# Immerser



## capsoda (Jan 7, 2006)

I picked up this immerser lid today and was wondering if anyone can tell me what it went to. It is larger than an average wide mouth lid, 4in, and has Pat April 2nd & May 28th 1895 on the glass liner. Its hooooge![8D]Any help will be appresiated.


----------



## capsoda (Jan 7, 2006)

Pic#2


----------



## bobclay (Jan 7, 2006)

Hi Warren,

 Nice lid. It goes to a GJCo jar, (Gilchrist Jar Company) RB9 #1109.

 Bob Clay


----------



## capsoda (Jan 7, 2006)

Thanks Bob. 

 Any one have a GJ Co jar with out a lid for sale?


----------



## bobclay (Jan 7, 2006)

Hi Warren,

 I have an aqua half gallon with dual lined lettering (RB9 #1110) I was planning on listing on ebay. (no lid) Nice shape but has some inside content stain. I've not really treid to clean it with CLR or anything like that. Check out my ebay ME page and email me directly from there for pics if you're interested. If you know someone that tumbles jars, this would turn out a sparkler.
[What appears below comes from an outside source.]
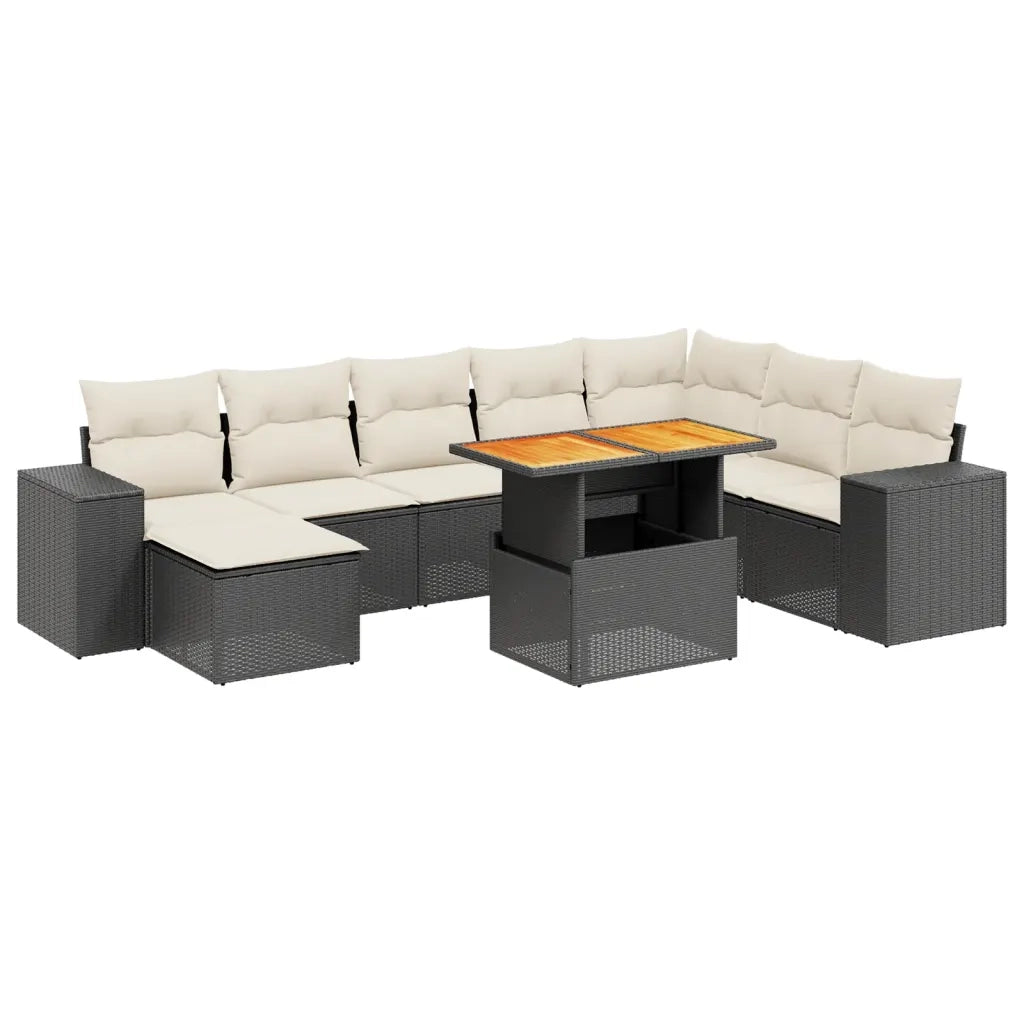 Set Divani da Giardino 9 pz con Cuscini Nero in Polyrattan 3272771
 http://cgi3.ebay.com/ws/eBayISAPI.dll?ViewUserPage&userid=bobclay

 Bob Clay


----------



## southern Maine diver (Jan 8, 2006)

Hey Cap...

 I don't mean to sound dumb, but just what is an emmerser?

 I know what emmersion is, because I do it to myself everytime I jump in the water. That food jar cap looks like it has some kind of rubber seal on it, So I assume that when the jar is "immersed" in hot water, that rubber seal creates a vacuum?

 Kinda like the vacuum that is created by my drysuit...

 Wayne


----------



## capsoda (Jan 8, 2006)

Nope, The glass bubble in the lid holds the friut or veggys or what ever is in the jar under the liquid in the jar. Keeps the contents looking fresh and yummy.[]

 Some immersers are worth a pile o bucks.[]


----------



## Fruit Jars (Jan 8, 2006)

Warren,  I also have a half gallon without the lid.  If you are interested would sell for $30 and Iwould pay shipping cost.  I listed my email address if you wanted to talk off line.
 Jerry
 email (ikeda.jerry@gmail.com)


----------



## jarsnstuff (Jan 10, 2006)

You guys might find it interesting that the Gilchrist jar is one of the few fruit jar patents obtained by a woman.  While it seemed to be the men who designed most jars, many of those jars were extremely hard to use.  Can you imagine trying to crank down the closure on a Valve or Lafayette jar when it is boiling hot?  Many of the improved style jars are very hard to get the threads lined up to screw the lid down.  On the other hand, the Gilchrist jar is very practical and easy to use.  The mouth of the jar is wide enough to stick your hand in to arrange or adjust the contents, while the immerser (sometimes called a pickle-pusher) prevents floating & browning of fruit.  I think she had a great design, but then again, maybe I'm partial.  I've often wondered why men designed almost all the patents while women did all the canning.  Once I figure that out, maybe I'll know why so many men collect fruit jars?  Happy collecting - Tammy


----------



## capsoda (Jan 10, 2006)

Hey Tammy, Thats good to know info. I've often wondered why men try to design womens products. We are not built to test 90% of them.[sm=lol.gif] This fruit jar would be one of the few a man could test.[]

 Thanks again for the info, it just gives me mor reason to add one to my collection.[]


----------